Il est sept heures du matin. Le courant d’air qui traverse la voiture par les fenêtres ouvertes est déjà très chaud mais il rend l’atmosphère presque respirable. La route est droite, le paysage sans intérêt. Bientôt, un village se dessine. Je dis « village » parce que « hameau » implique pour moi un certain charme campagnard dont il est impossible de déceler la moindre trace dans ces cinq ou six bâtiments blanchâtres et poussiéreux éparpillés autour d’un carrefour. Le mot village n’est pas beaucoup mieux adapté, mais pour le moment, je n’en trouve pas d’autre pour rendre la vanité de ces minuscules abris humains écrasés par l’immensité d’une nature hostile. Un panneau métallique, lui aussi criblé d’impacts de balles, nous annonce que nous arrivons à “Amargosa Valley, fondée en 1906, altitude 2664 pieds, population 453“. Il n’y a pas de motel à Amargosa Valley, pas de diner, pas d’épicerie, pas de maison digne de ce nom — les 453 habitants ont dû aller vivre ailleurs — juste une station-service. Contrairement aux autres constructions, celle-là à l’air tout neuf. Il y aura sûrement au moins une machine à café. De toute façon, à voir la carte, c’est notre dernière chance de trouver un endroit civilisé avant cent ou deux cents miles. Il faut s’y arrêter.

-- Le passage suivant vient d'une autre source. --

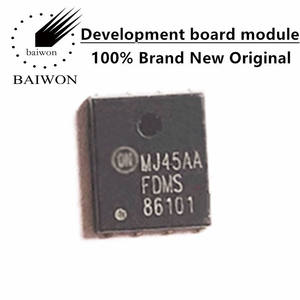 Paquet d'origine Baiyang FDMS86101 86101 PQFN8, MOSFET à montage en surface, 100V/60A, dimensions 5*6 - Product Image 2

Effectivement, à l’intérieur, tout paraît neuf. Ce qui frappe d’abord en entrant, c’est la température. A peine la porte passée, la sueur que vous avez apportée de l’extérieur se fige instantanément, plaquant votre chemise sur votre peau comme une étrange carapace gluante et froide. Ensuite, c’est l’aspect clinquant de tout ce que contient la station qui surprend : les distributeurs de café et de boissons glacées, les cartes routières, les cartes postales et les lunettes de soleil sur leurs présentoirs, les chapeaux-souvenir, les paquets de gâteaux secs, et puis les bidons d’huile, les adjuvants, les câbles de démarrage, tous ces objets rangés serrés sur de belles étagères métalliques, tout ce bric à brac indispensable aux automobilistes. Et au milieu de tout ça, un type, tout seul, qui nous regarde entrer tous les six, les uns après les autres. Il porte une impeccable combinaison rouge aux armes de la marque d’essence. Il est jeune, grand, très américain, un peu inquiet.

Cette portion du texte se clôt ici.